Berlindung Kepada-Mu Dari-Mu
Wabah sedunia yang sedang berlangsung ini membuat badan terutama wajah dan hidungku selalu bertabur harum alam dunia dan wewangian surga. Aku sangat menikmati itu dan mensyukurinya. Anugerah virus ini memperkuat iman taqwa dan tawakkalku, mencerahkan akal dan kewaspadaanku, serta meneguhkan ketergantunganku kepada-Nya.
Yang aku sangat tersiksa sampai hatiku sering merasa tak tahan dan jiwaku serasa tak sanggup menanggungnya lagi, adalah riuh rendah suara manusia di dunia. Jangankan dunia maya dengan medos-nya, medjum-nya, medteng-nya, medren-nya dll yang subhanallah wastaghfitullah waa’udzubillah busuknya, bergelimang ghibah dan fitnah, kebodohan dan kelaliman, kekejaman dan kehinaan. Sedangkan nonton teve yang menayangkan olahraga kesukaanku pun semakin lama semakin tidak tahan oleh pilihan kata, komposisi kalimat, mindset bahasa dan spektrum berpikirnya para komentator.

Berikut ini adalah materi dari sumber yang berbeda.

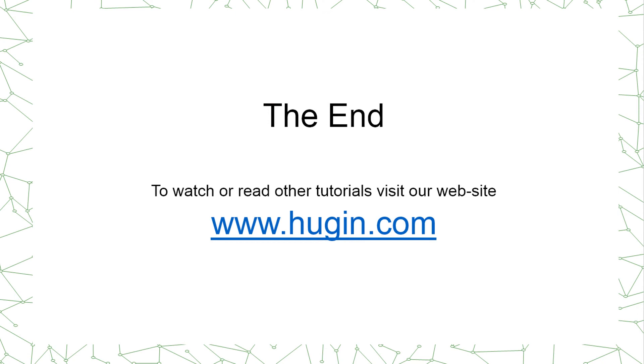This ends the tutorial. If you want to watch or read other tutorials on the Hugin software, then you are more than welcome to visit our website www.hugin.com.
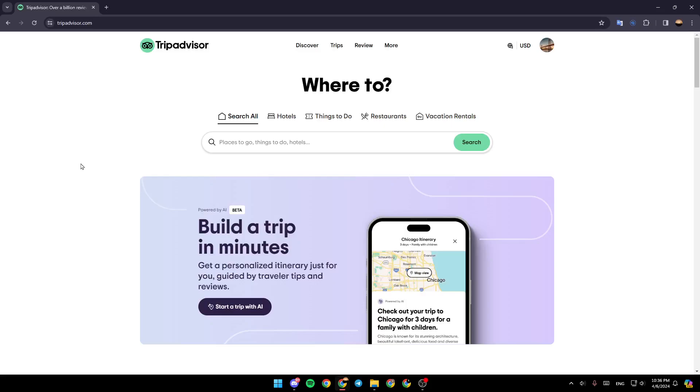Hello everyone, and welcome back to a new video. In this video, I'm going to show you how to add a place on TripAdvisor. If you want to learn how to do it, just follow the steps I'm going to show you.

Apalagi berita-berita politik, kekuasaan, dunia intelektual, budaya keagamaan, Negara, Pemerintah, bangsa, rakyat, cendekiawan, masyarakat, aktivisme, users, followers yang merupakan hamparan duri dan pecahan kaca-kaca yang sangat melukai perasaan, akal, dan kesehatan jiwaku. Sesungguhnya, andaikan tak kuterima sepercik dari tujuh triliun samudera ilmu Allah, maka untuk melakukan peledakan-peledakan, ekstremisme dan radikalisme, untuk menghancurkan, melengserkan, menjatuhkan, meneggelamkan matahari kemudian menerbitkan matahari berikutnya yang baru – hanyalah satu langkah kecil dari salah satu sudut di lubuk jiwaku. Sekurang-kurangnya kiri kananku menjadi tahu bahwa aku bisa ngebom dengan kadar yang melebihi milik mereka semua. Bahwa aku lebih liar dan nekad dibanding semua sejarah keliaran dan kenekadan. Tinggal satu langkah kecil. Satu langkah kecil.
Tetapi tidak ada debu yang bertabur, angin yang menyapu, segala peristiwa alam dan manusia sekecil apapun apalagi yang besar dan dahsyat – yang bisa terjadi kecuali Allah Swt memang sengaja membikinnya, memerintahkannya, mengizinkannya atau membiarkannya. Bahkan meskipun aku didapuk menjadi manusia, ahsanu taqwim yang diberi hak untuk mengkhalifahi kehidupan – sejak masa kanak-kanakku tak satu pergerakan kecil apapun pada kaki dan tanganku yang bersumber dari iradahku sendiri, apalagi lawwamah dan ammarah. Tak satu langkah kecil pun yang aku pernah memerdekan diriku dari “innama amruHu idza arada syai`an an yaqula lahu kun fayakun”. Sebab aku bukanlah aku, aku hanya cipratan debu dari-Nya. Aku tidak ada, sebab sangat nyata narasi “la ilaha illallah”.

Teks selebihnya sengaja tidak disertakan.